The Chiffon Trenches
Page 15
Everywhere Anna Wintour went I followed, in my official Vogue capacity. On Mondays she had a brief staff meeting in her office. One week I showed up a bit late, wearing a jumpsuit, perhaps not the thing I should have worn. I walked into the room and she looked at me, observed me, but made no comment.
Shortly thereafter she called me at my desk and said, “You’ve got to go to the gym.”
I wasn’t offended, and it wasn’t out of nowhere. Fashion at the time was obsessed with thinness. I’d gained weight in Durham and brought my binge-eating habits back to New York with me.
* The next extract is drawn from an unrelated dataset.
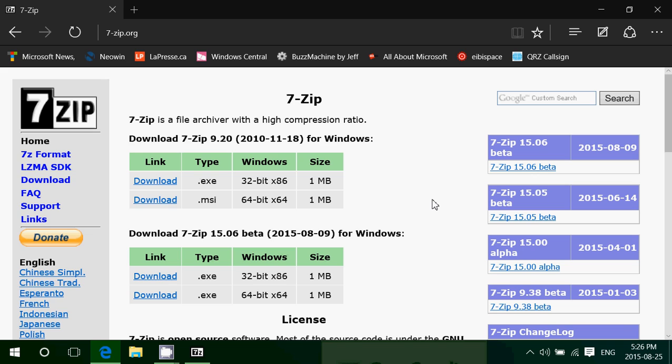So 7-zip is one of the must-have software. If you exchange files all the time, if you send files, if you receive files all the time, this is one of the good pieces of software to have.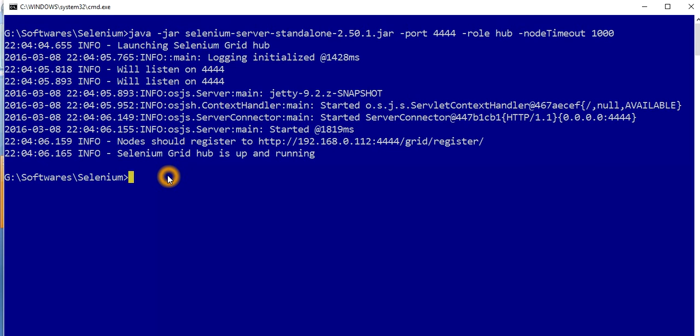So that is how you can kill any specific process running on any specific port to free that port so that you can run another process on that particular port. Thank you for watching this video.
My clothes fittings made clear to me exactly how big I was getting, and Anna Wintour’s concerned glances did not go unnoticed. I was still wearing beautiful suits but it was becoming quite obvious that I was gaining weight.
If Anna Wintour wanted me to go to the gym, I’d go to the gym. Plus she offered to pay for it, so I had to take it seriously. The gym, located close to the Vogue offices, was a very expensive, tony setup. I had a private trainer, but I didn’t practice the right eating habits at home, so I wasn’t losing any weight. A friend suggested I try the cabbage diet, which I did for a little while. It’s very easy; you just cook cabbage and eat it. People do it when they prepare for heart surgery. It worked, and I lost a lot of weight quickly, right in time for Milan Fashion Week.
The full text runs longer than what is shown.